In the end will John not know it was his saving that were saved if you do not place his name there? Doubt it. If it was a multi player game and John's were saves while others were not, then yes. It just depends if you want to put in a litle dev time and have another dynamic piece to a site to deal with.
There are both practical and branding considerations here. One the branding side, you have to take into account the voice and tone of your website. Is it in line with your brand voice to address the user by their first name? Has this practice been consistently deployed throughout the site?
On the practical side, I would echo the comments made above about internationalization and add some other practical concerns. Just because you have captured a person's name doesn't mean you know the name the person likes as a form of address. Have you included a form field for "name you prefer to be addressed as" in order to have this information available for use? Different cultures may employ different forms of address, including using the last name as a familiar form of address and rules for when a familiar form can be used.
All in all, I would shy away from using personalization in error messages, but that is a judgment call.
I'll keep this short.

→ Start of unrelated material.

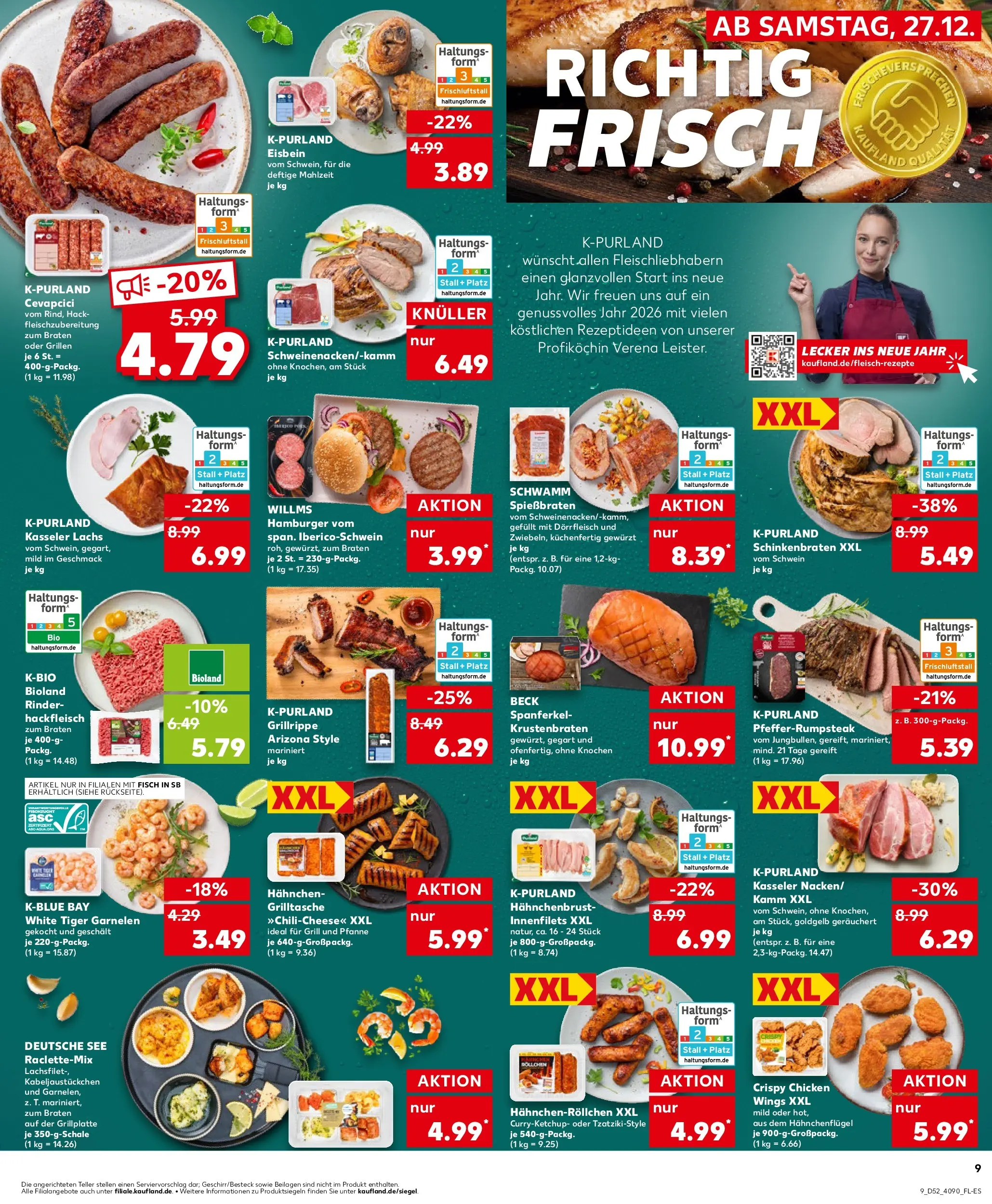 Prospekt Kaufland ab 27.12.2025 » Angebote Online zum Blättern | Seite: 9 | Produkte: Grill, Hahnchen, Fisch, Hahnchenbrust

A few reasons not to personalize error or confirmation messages are:
People scan information, I think less is more.. so in this example do not include the person's name. Add a tick mark instead :-)

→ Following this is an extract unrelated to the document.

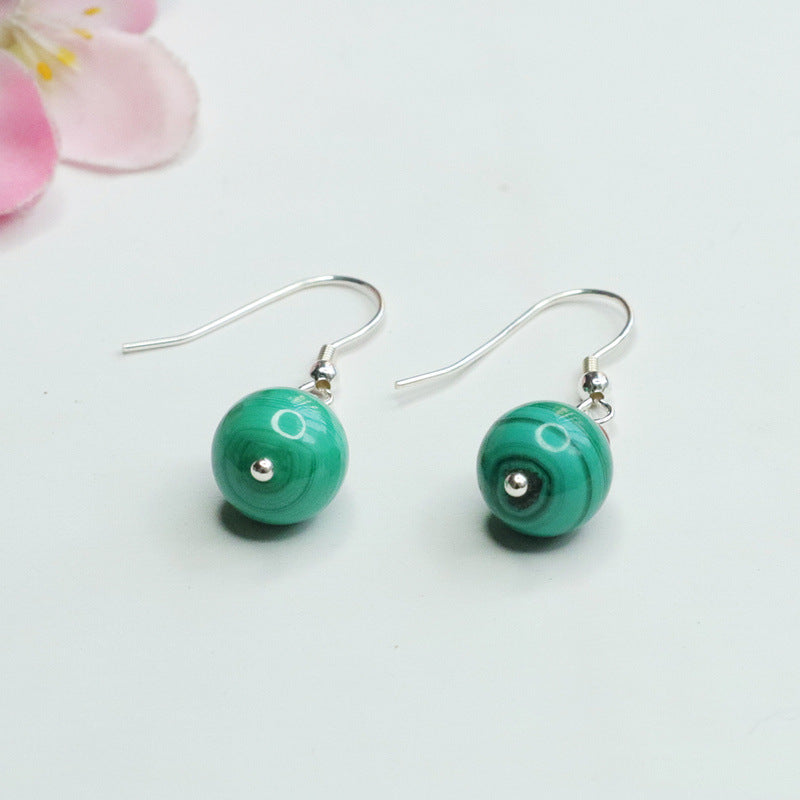 Malachite Bead 925 Silver Hook Earrings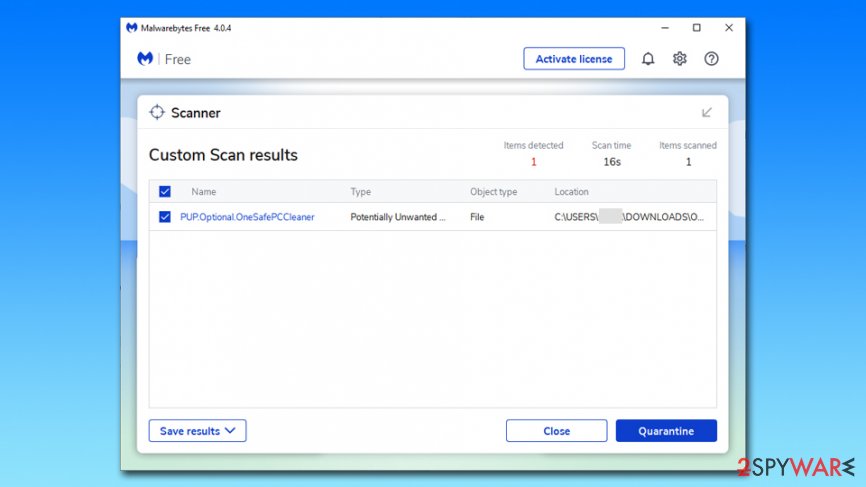 OneSafe PC Cleaner detection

Personalizing a machine - and by that I don't mean personalized search results or the internet bubble - is the most difficult obstacle we are about to face in the next few years.
Simple example? Robots are robots as long as they act like robots. If they start trying to act like humans but don't respond like humans (or the way a human would expect them to respond in a natural way), they get creepy. As in wrong facial expressions, undertone, responding to messages "between the lines" etc.

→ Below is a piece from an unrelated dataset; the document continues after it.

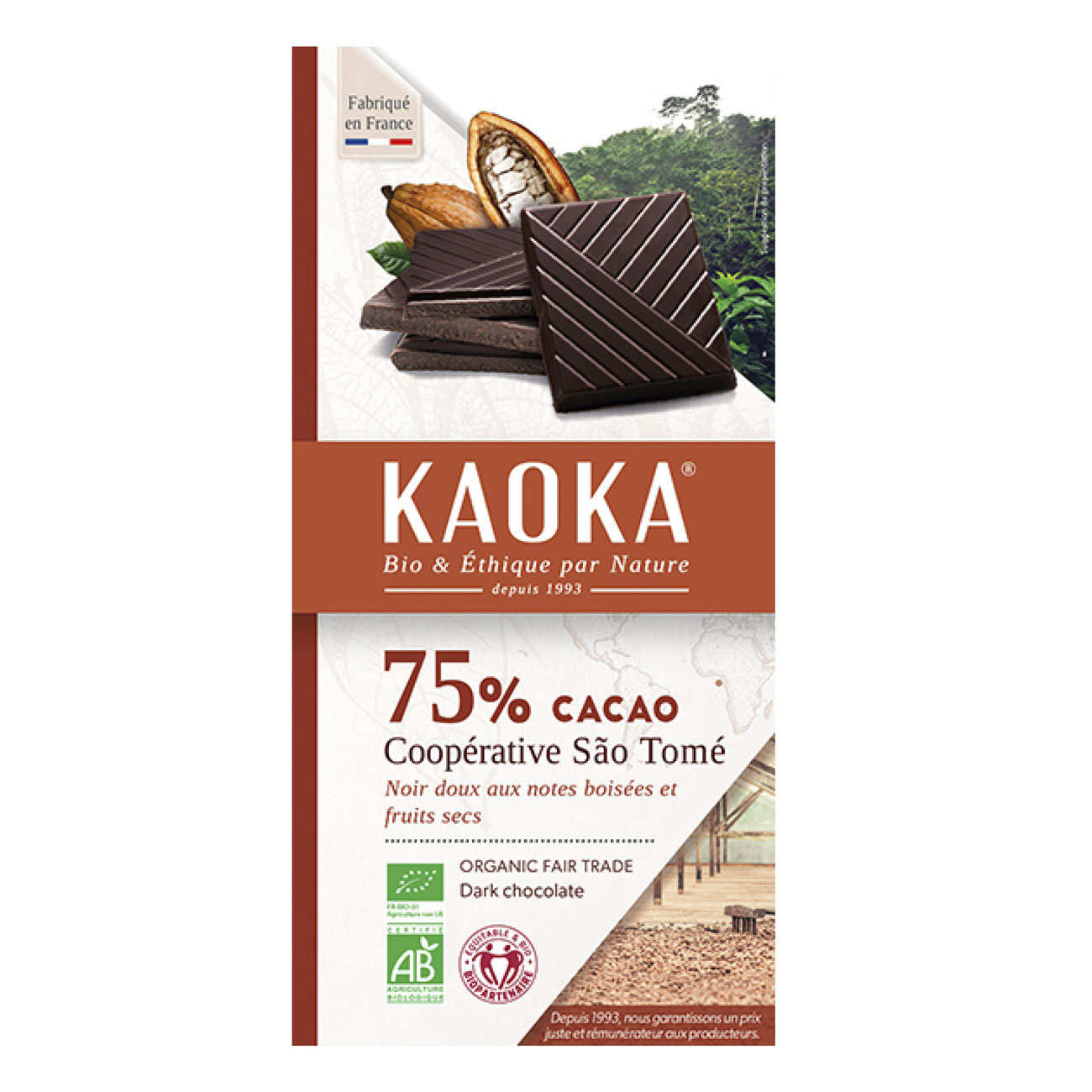 Tablette de chocolat noir 75% bio origine Sao Tomé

We have a million ways of interacting with each other. Trying to let a machine respond in the most natural way is a major task. Chances are high that machines will address natural human requirements in an unpleasant way.
To answer your question: It depends. It depends on your domain. If your talking to engineers, professionals etc. who talk tech, respond like a machine. "Done", "Saved", "Error. Please go back and..." etc. Be impersonal.
If you want to address etsy.com, deviantart.com or any other non-technic-affine users I would slowly try to introduce the one or other personal communication. I would keep a list of all those interfaces, where users are displayed with messages like these so you can grasp over it from time to time and have a feeling with which tone you are talking to your customers.
Very interesting question!
This would lead to Anthropomorphism, which is a bad idea (). Besides, that would creep many users out (*).
Users want computers to do as they ask, not to socialize with in an attempt to convince them to do as they want. When you address someone in a first name basis, you are communicating on a personal level, something which users don't expect computers to do.
(*) If your computer refers to you on a first name basis, wouldn't you feel that you have to reply in the same manner in return.
(**) Imagine if you used your face to log in and your computer commented the your hair looks good today.